*** COLLECTED MATERIAL Section Begins ***

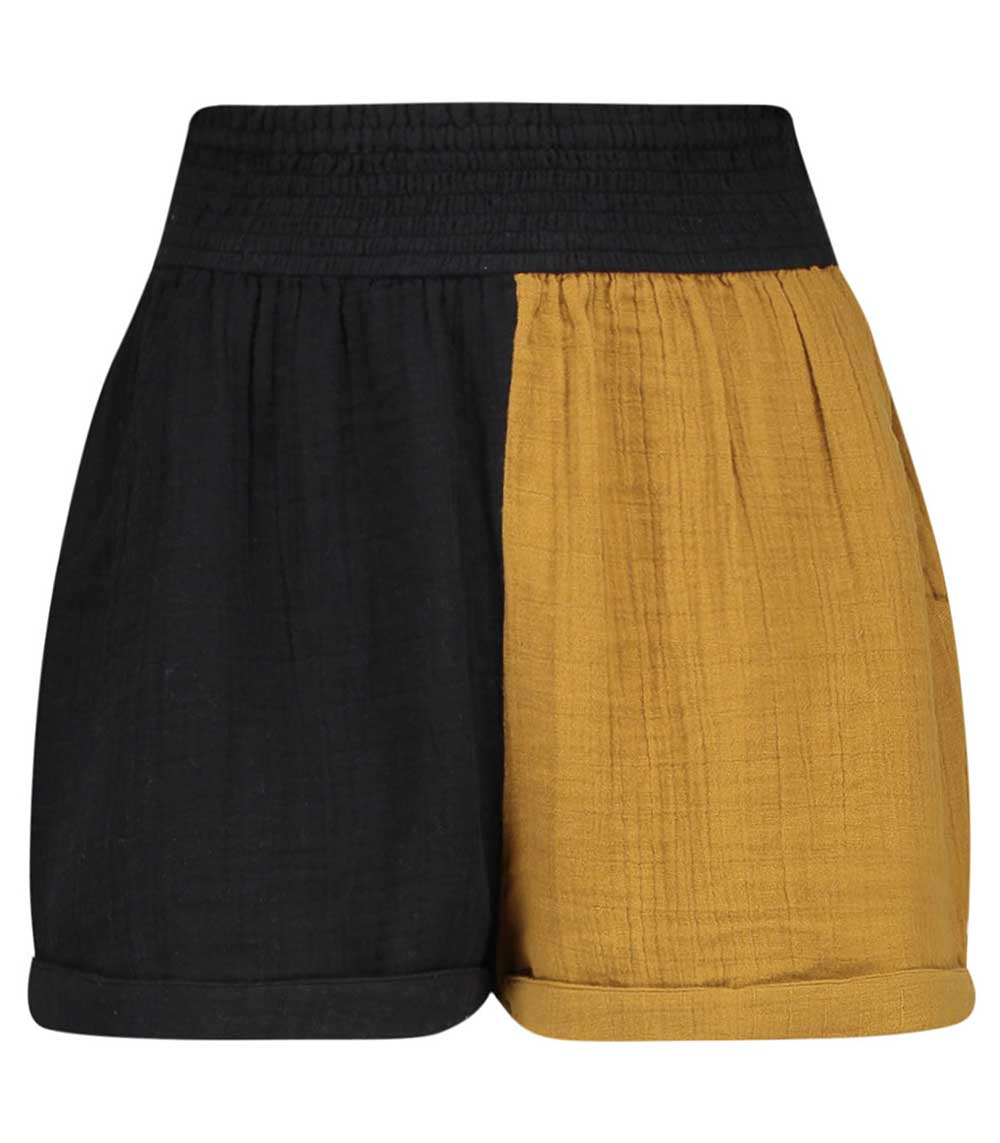 Short paperbag Adrian gaze de coton Black/Masala Anaak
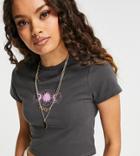 Asos Design Petite Shrunken T-shirt With Solstice Print In Charcoal-grey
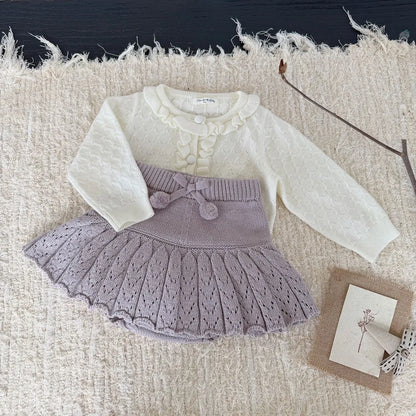 -クロシェ編みフリルニットカーディガン【mh0011165】 - mamahalo shop - カーディガン・パーカー -  べビー服 - 子供服 - 男の子 - 女の子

*** COLLECTED MATERIAL Section Ends ***

> **WHAT YOU HAVE TO DO**:
Write out the listing above in full, word for word, with no pictures.

> **TASK RESULT**:
 Short paperbag Adrian gaze de coton Black/Masala Anaak
 Asos Design Petite Shrunken T-shirt With Solstice Print In Charcoal-grey
 -クロシェ編みフリルニットカーディガン【mh0011165】 - mamahalo shop - カーディガン・パーカー -  べビー服 - 子供服 - 男の子 - 女の子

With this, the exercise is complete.